Al contemplar tu frente coronada

De los hijos mas viejos de la tierra,

Lleno solo de ti, siento mi alma

Arrastrada en la espuma de tus olas,

Que entre profundos remolinos braman,

De aquel gran ser que el infinito abraza.”[1]

—Manuel M. Madiedo.

While in Guaduas we met a Scotch engineer, who was superintendent of a gold mine in the mountains west of Honda. Desiring to know the truth about the excessive temperature of this place, about which we had heard so many reports, we asked him if it was really true that the heat in Honda was as intense as represented.

“You will,” he said, “find it the hottest place you have ever visited. It is certainly the most torrid place I know, and I have been something of a globe-trotter in my time. Hades, if I have caught the meaning of the word, as used in the Revised Version, is quite temperate in comparison with it. Business frequently calls me to Bogotá, and, on my way thither, I must necessarily pass through Honda, but I never stop there longer than is absolutely necessary, and I always try to avoid being there in the daytime. If I must stop there for a few hours, I time my journey so as to arrive there at night, and make it a point to leave before morning. Hot? I think it is the hottest and most suffocating spot on earth. It has always been a mystery to me how people can live there at all. I know of nothing to compare it with except one of the burning pits of Dante’s Inferno.”
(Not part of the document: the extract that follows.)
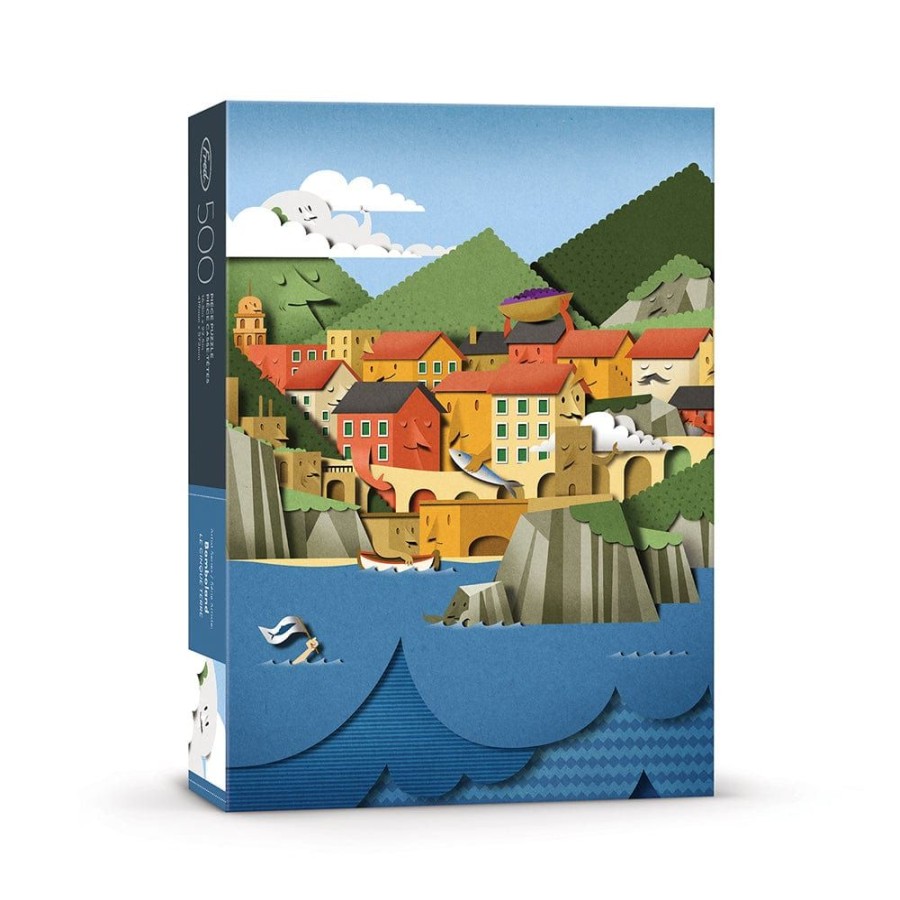 Fun + Games Fred & Friends Puzzles | 500 Piece Puzzle: Le Cinque Terre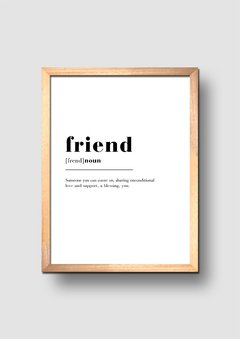 Cuadro Friend Significado - comprar online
Had we not learned by long experience how to discount such statements, the prospect of spending some days in a town with such a reputation for grilling the stranger within its gates, would have been anything but inviting. But we had heard similar reports about the llanos and the valley of the Orinoco, and had found, on arriving in these regions, that the temperature said to prevail there had been greatly exaggerated. The same we found to be true of Honda. During our sojourn there, our thermometer never registered more than 86° F. in the shade. Of course, around midday it was uncomfortable in the sun, but I have been in many places in the United States where I suffered more from the heat than I did in Honda.